Is After Tax Season a Good Time To Start a New Job Search?
Job searching can be stressful at any time of the year, but some times are a bit better than others. While a lot of employers begin their job hiring in earnest at the first of the year, this can extend into early spring, according to Top Resume, especially if tax preparation was a lengthy or time-consuming process for the company.
Here, experts explore pros and cons of applying for a job after tax season has wrapped up.
A Job Candidate’s Market
Right now, due to the Great Resignation and pandemic-related economic recovery, it is a “candidates’ market,” said Ann Jones, director of business development for ACS Professional Staffing.
“Employers are currently facing the fallout from the Great Resignation and are looking for talented individuals to fill the gap in their current workforce,” Jones said. “Some of our clients are now open to candidates with non-traditional qualifications to fill their openings, and many of our clients have grown during the last six to 12 months and have added headcount. Whether people are looking to stay in their current industry or to make a move to a new one, candidates have multiple opportunities when it comes to their search.”
Job Market Is More Active
Tax season can be a stressful and busy time for many companies, making the calmer time post-tax season a better time to apply for a job, said Samantha Hawrylack, a personal finance expert and co-founder of How To FIRE.
“The job market is more active after tax season,” Hawrylack said. “Many businesses wait until after tax season to start hiring for new positions. This means that there are typically more job openings available during this time of year.”
A Good Time To Network
“After tax season, many business professionals are looking to network and build new relationships,” Hawrylack said. “This makes it a great time to reach out to potential contacts and connect with new people in your industry.”
Get Ahead of Summer Vacations
Sherrie Ashley, co-founder of PeopleFastFind, said January through mid-June is the best time for job searching because companies want to have new employees situated before the next fiscal quarter starts and before employees start leaving for summer vacations.

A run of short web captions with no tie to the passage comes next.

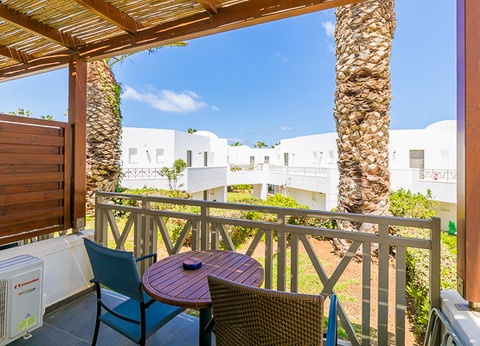 Club Framissima Annabelle Beach Resort 5* - 12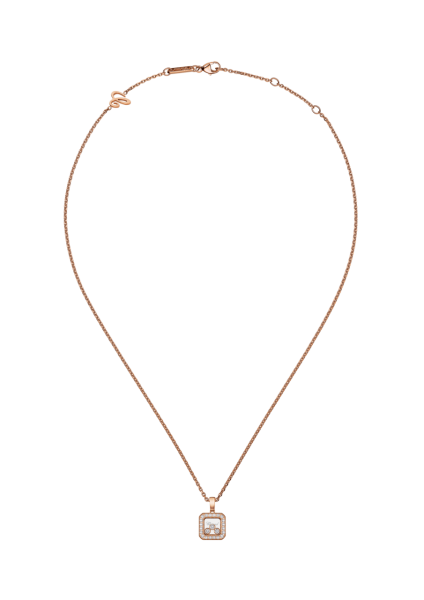 Anhänger Happy Diamonds Icons 79A115-5201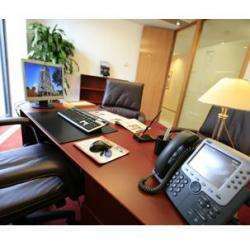 Servcorp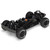 1/16 MOJAVE GROM 4X4 RTA KIT Brushed Desert Truck (Battery & Charger Included), Clear/Black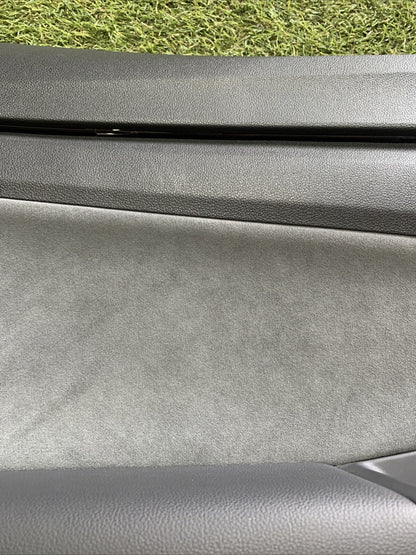 Pannello Interno Porta Posteriore Sinistro Con Led Volkswagen Golf 8R 5H6867211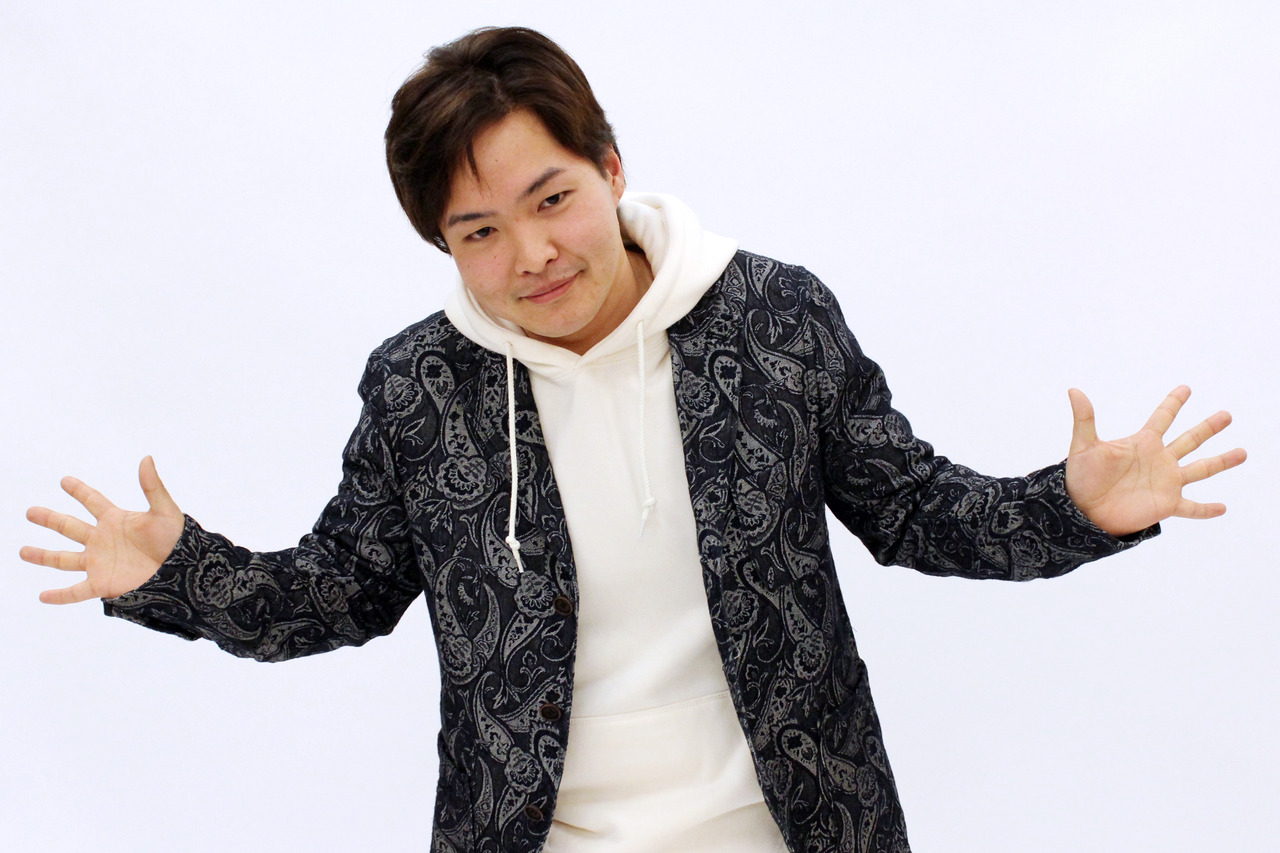 シークエンスはやとも ゲキノビ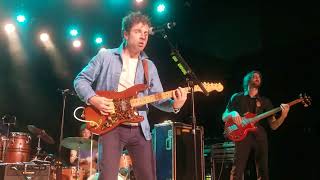 DAWES / &quot;Still Feel Like A Kid&quot; / The Magestic, Madison / April 14th, 2023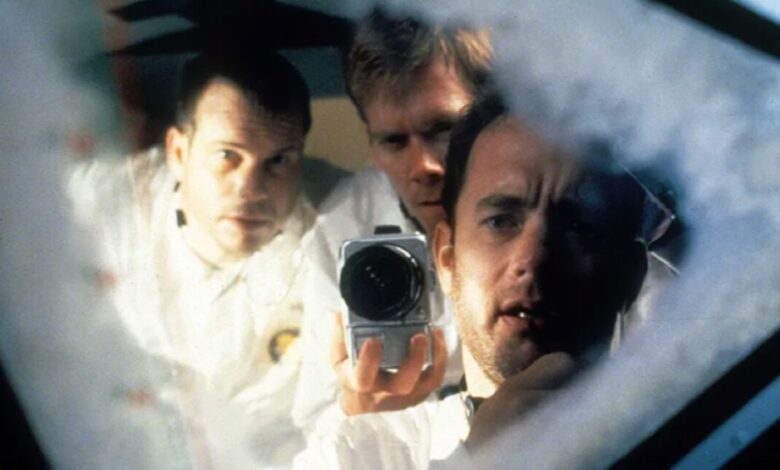 Ars reflects on Apollo 13 turning 30 Ars reflects on Apollo 13 turning 30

“Companies start recruiting during springtime because they need to have everyone in place by June 1,” Ashley said. “However, once summer starts, you can expect a recruiting drop as vacation schedules slow down the processes from moving forward.”
Prime Recruiting Time
The after-tax season is prime time for recruiting, particularly for executive hiring, said HR professional Sara Graves, of USTitleLoans. “During this period, we actively search for soon-to-be college graduates to get access to advanced skill-sets and creative minds. After filing their tax returns, most companies start looking for new growth opportunities to achieve their upcoming goals.”
She recommends that aspiring job hunters send as many job applications as they can after tax season to increase their chances of getting hired.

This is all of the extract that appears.